The Rockefeller Oil Monopoly is now 125 years old, yet in 1911, the Supreme Court, bowing to public outrage, had ruled that it had to be broken up. The resulting companies proved to be no problem for the Rockefeller interests. The family retained a two per cent holding in each of the "new" companies, while the Rockefeller foundations took a three per cent stock holding in each company. This gave them a five per cent stock interest in each company; a one per cent holding in a corporation is usually sufficient to maintain working control.

 

The involvement of the Rockefellers in promoting the World Communist Revolution also developed from their business interests. There was never any commitment to the Marxist ideology; like anything else, it was there to be used. At the turn of the century, Standard Oil was competing fiercely with Royal Dutch Shell for control of the lucrative European market.
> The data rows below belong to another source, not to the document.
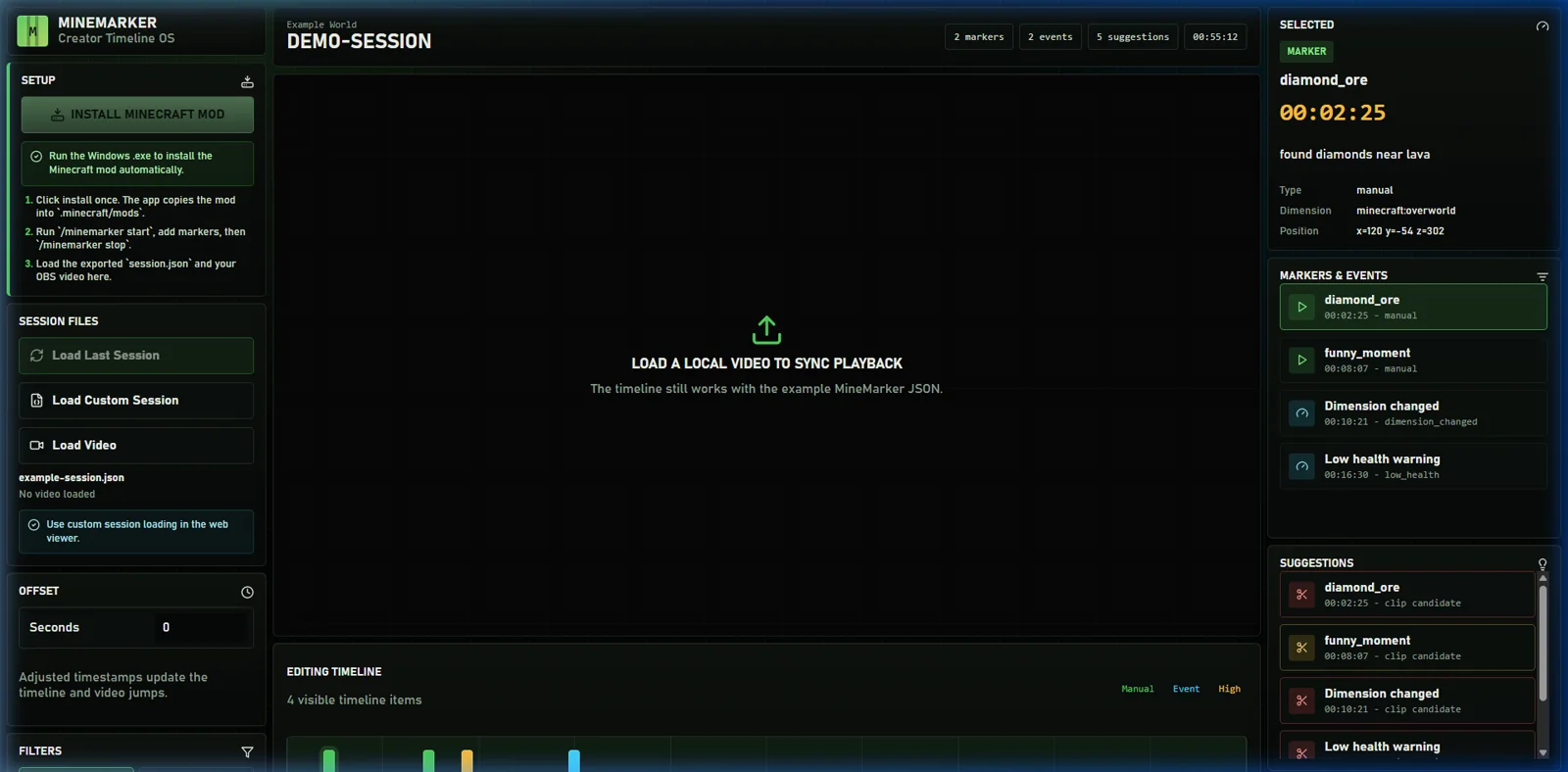 PixelCut Pro creator timeline showing Minecraft markers, events, suggestions, and video synchronization controls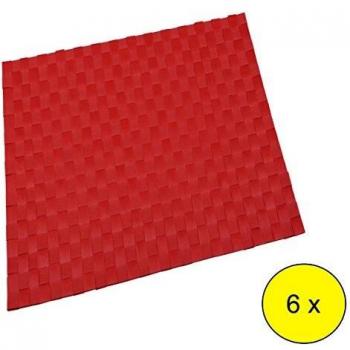 Lote DE 6 MANTELES Individuales Rojos Fabricados EN Poliester 30X45 cm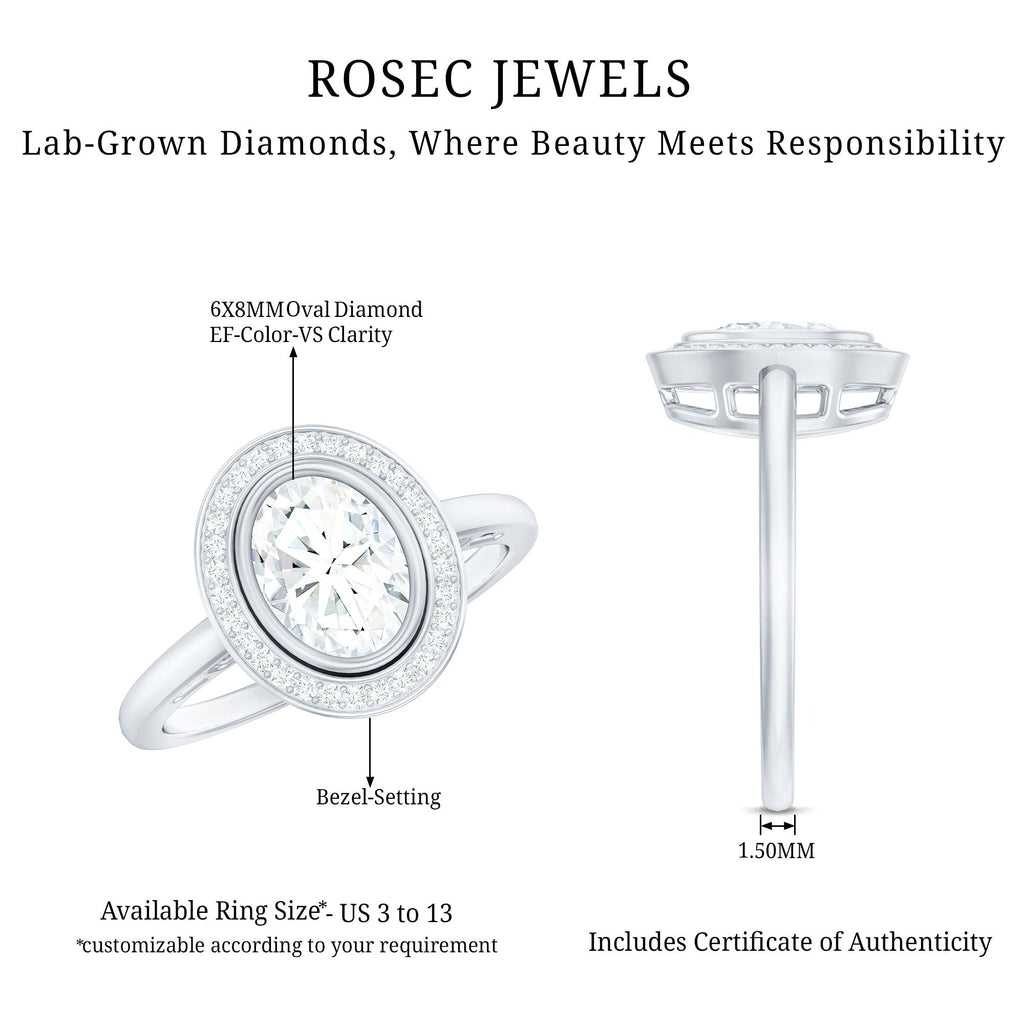 Classic Lab Grown Diamond Engagement Ring with Halo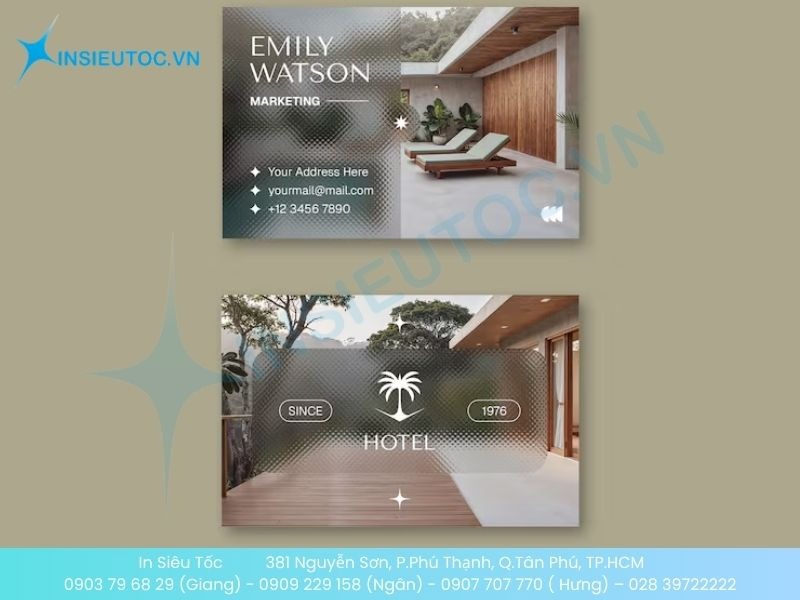 Mẫu card visit thu hút cho khách sạn hoặc nhà nghỉ trên núi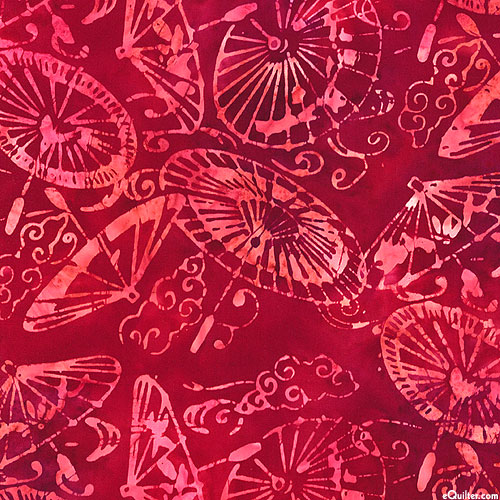 Bamboo Garden - Umbrellas Batik - Lacquer Red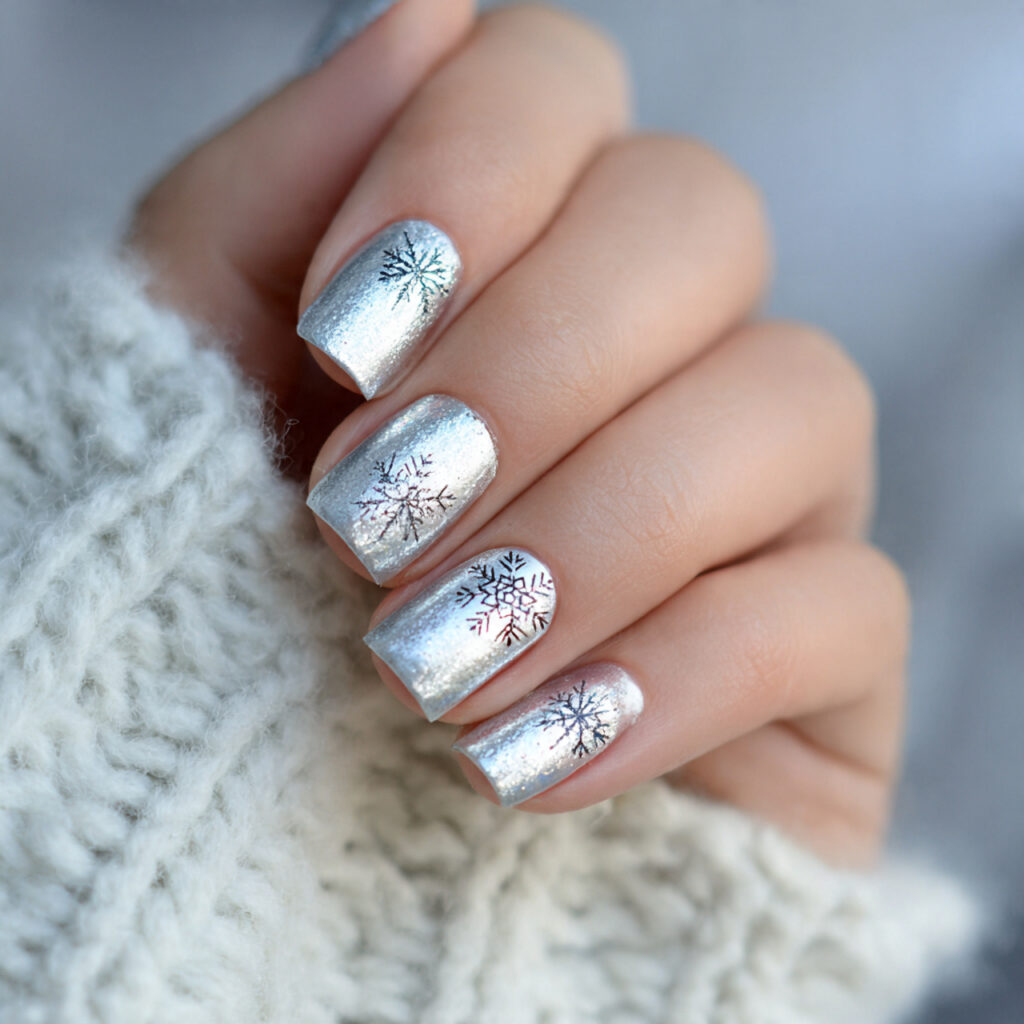 silver snowflake nails feel light and graceful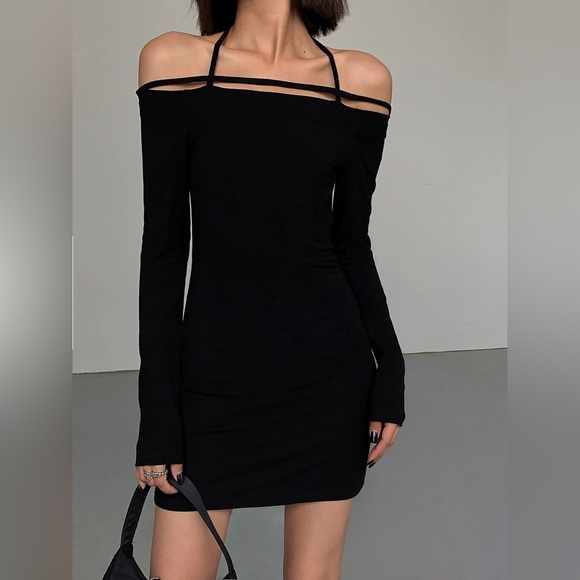 Hot Black Off-the-Shoulder Halter Dress, Long Sleeve Slim Fit Bodycon (new) - Picture 5 of 6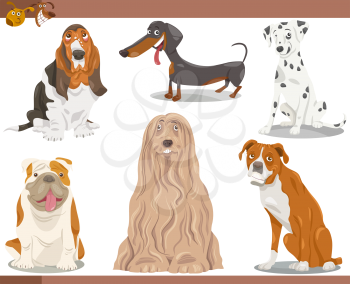 Cartoon Illustration of Funny Purebred Dogs Pets Set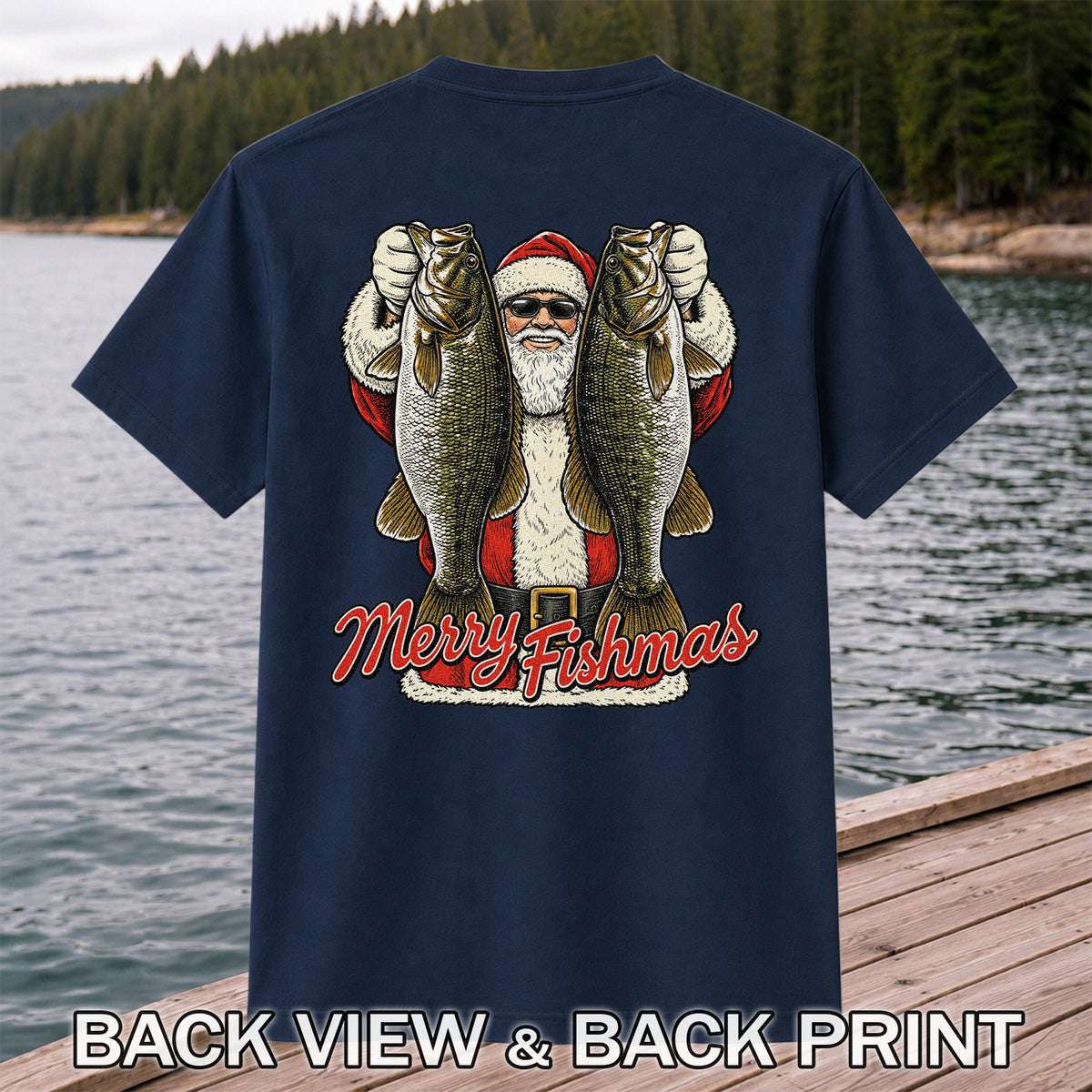 Santa Holding Bass Christmas Fishing Graphic T-Shirt | Back Print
Congres­sional testimony revealed that Rockefeller had sent large sums to Lenin and Trotsky to instigate the Communist Revolution of 1905. His banker, Jacob Schiff, had previously financed the Japanese in their war against Russia and had sent a personal emissary, George Kennan to Russia to spend some twenty years in promoting revolutionary activity against the Czar.

 

When the 1905 revolution failed, Lenin was placed "in storage" in Switzerland until 1917. Trotsky was brought to the U.S., where he lived rent free on the Standard Oil property at Bayonne, New Jersey, its tank field. When the Czar abdicated, Trotsky was placed on a ship with three hundred Communist revolutionaries from the Lower East Side of New York. Rockefeller obtained a special passport for Trotsky from Woodrow Wilson and sent Lincoln Steffens with him to make sure he was returned safely to Russia. For traveling expenses, Rockefeller placed a purse containing $10,000 in Trotsky's pocket.